- **WORK INSTRUCTION**: Pictures aside, repeat all the entries below exactly as they appear.

- **Records excerpted from a collection**:
=====
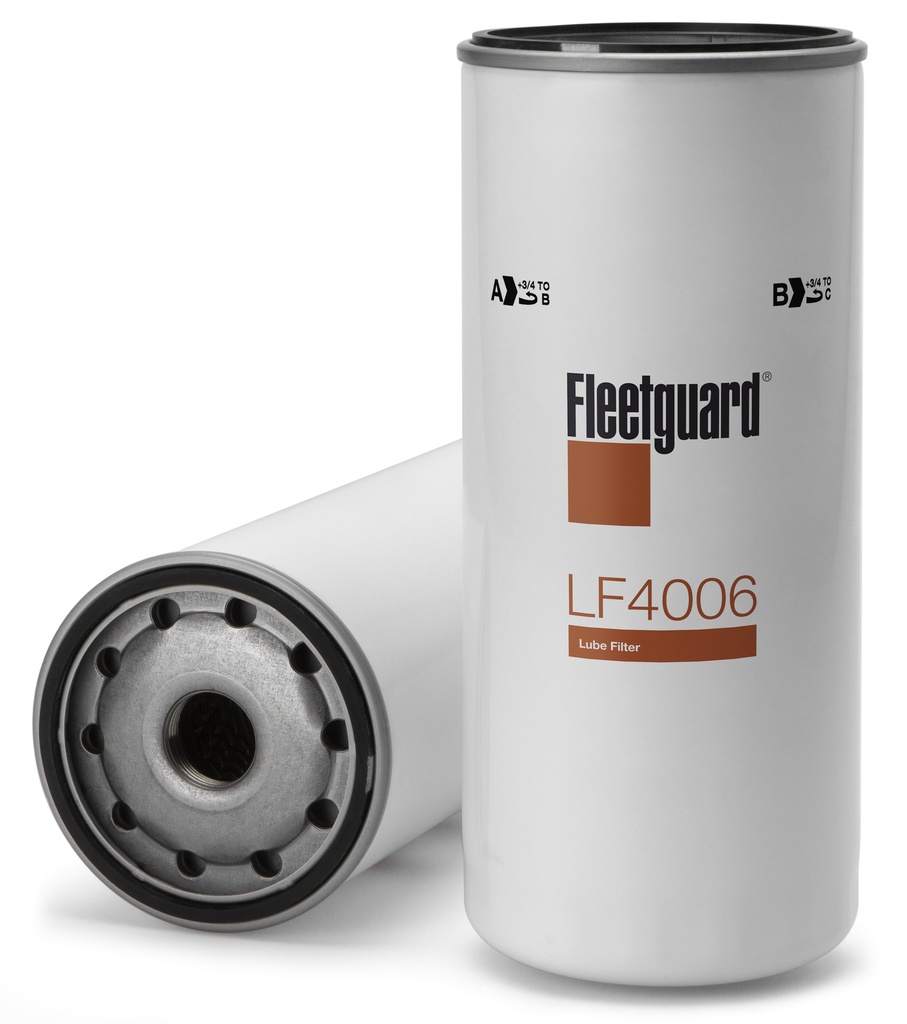 OIL FILTER CELLULOSE SPINON - LF4006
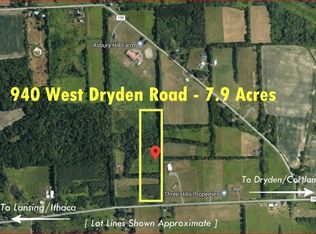 940 W Dryden Rd, Ithaca, NY 14850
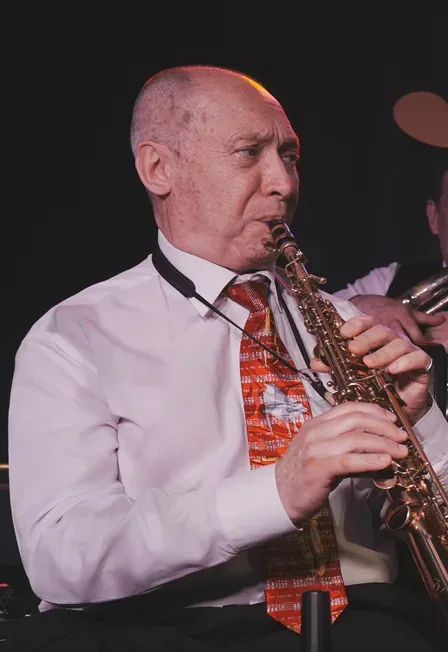 Афиша: Moscow Ragtime Band в Москве 29 августа 2026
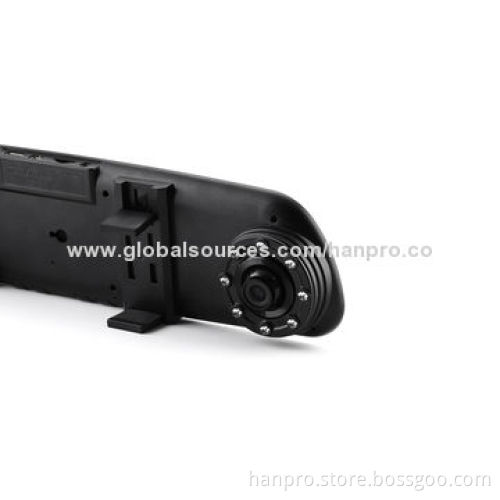 Car Black Box with 320mAh Battery Capacity, 3.5W Power Consumption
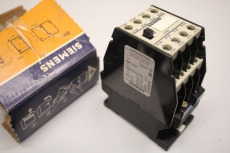  SIEMENS 62E DIN EN 50011 6NO+2NC Hilfsschütz AC 220V 3TH8262-OAMO OVP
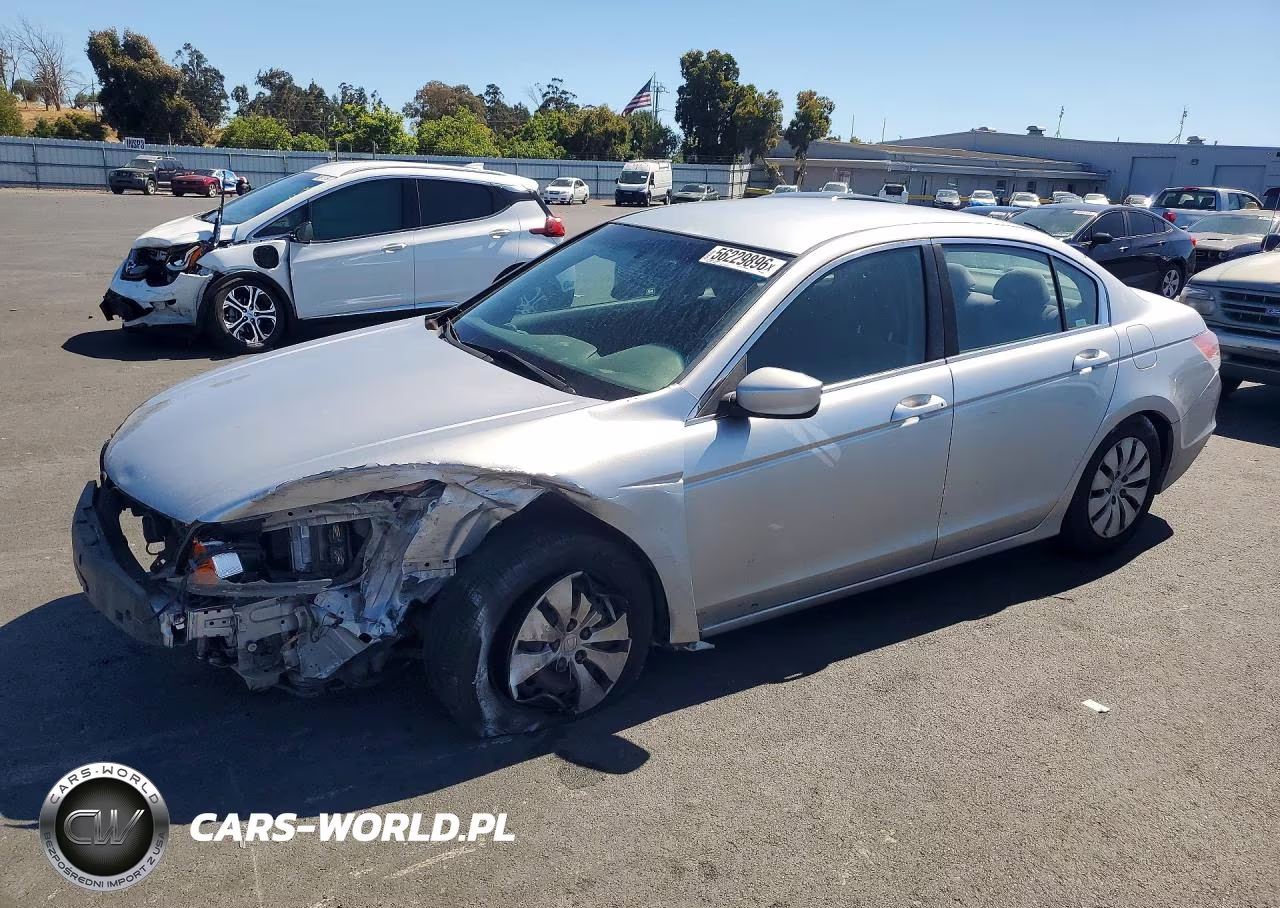 2009 Honda Accord Lx
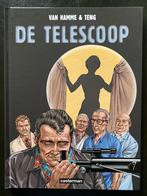 De Telescoop - HC, Ophalen of Verzenden, Zo goed als nieuw, Paul Teng Ping Ya, Eén stripboek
=====
- **RESULT OF THIS TASK**:
 OIL FILTER CELLULOSE SPINON - LF4006
 940 W Dryden Rd, Ithaca, NY 14850
 Афиша: Moscow Ragtime Band в Москве 29 августа 2026
 Car Black Box with 320mAh Battery Capacity, 3.5W Power Consumption
  SIEMENS 62E DIN EN 50011 6NO+2NC Hilfsschütz AC 220V 3TH8262-OAMO OVP
 2009 Honda Accord Lx
 De Telescoop - HC, Ophalen of Verzenden, Zo goed als nieuw, Paul Teng Ping Ya, Eén stripboek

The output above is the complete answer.